I've been looking at some thick subcategories in $K^b(R-proj)$ (the homotopy category of bounded chain complexes of projective modules), and, as expected, I'm running into the question of when chain complexes split quite often. I'm wondering what sorts of useful criteria there are for determining when chain complexes split. By "split" I mean decompose as two nontrivial complexes as $A = A_1 \oplus A_2$.

Feel free to strengthen the hypotheses a bit if you need to- these can be complexes of free modules, if you like. I'm just trying to get a sense of how to look at a chain complex and think, "That probably splits…" or, "That probably doesn't…" Also remember that I'm working in the homotopy category, so if the question becomes easier when homotopy equivalent objects are identified, please feel free to use this hypothesis.

Best Answer

One result that guarantees such a decomposition comes from looking at the homological support of such complexes (assuming that $R$ is commutative so we have a tensor product). The homological support of a complex $A$ is just the union of the supports of the $H^i(A)$ as $R$-modules. Then it is a result of Balmer, in the paper Supports and Filtrations in Algebraic Geometry and Modular Representation Theory which is available on his website, that if the homological support of $A$ can be written as a disjoint union of closed subsets $Y_1\cup Y_2$ of $\mathrm{Spec} \;R$ whose complements are quasi-compact then $A\cong A_1\oplus A_2$ in $K^b(R\text{-}\mathrm{proj})$ where the homological support of $A_i$ is $Y_i$.
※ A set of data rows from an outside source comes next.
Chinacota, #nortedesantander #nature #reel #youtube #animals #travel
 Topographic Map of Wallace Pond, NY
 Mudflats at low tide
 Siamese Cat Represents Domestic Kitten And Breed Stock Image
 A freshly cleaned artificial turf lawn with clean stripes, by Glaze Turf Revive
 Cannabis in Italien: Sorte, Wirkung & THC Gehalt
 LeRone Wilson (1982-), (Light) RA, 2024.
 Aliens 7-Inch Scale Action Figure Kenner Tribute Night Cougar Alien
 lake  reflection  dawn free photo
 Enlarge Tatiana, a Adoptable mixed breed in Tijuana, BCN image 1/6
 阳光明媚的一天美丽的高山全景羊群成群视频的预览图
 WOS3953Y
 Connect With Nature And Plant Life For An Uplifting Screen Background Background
Another method which works for any triangulated category is if $f\colon A\to B$ is a morphism then the triangle one gets by completing splits giving $B\cong A\oplus \mathrm{cone}(f)$ if and only if the map $\mathrm{cone}(f) \to \Sigma A$ is zero. A reference for this is Corollary 1.2.5 of Neeman's book on triangulated categories (I think I've also put the proof on MO before but I can't remember in which answer, maybe I can hunt it down later).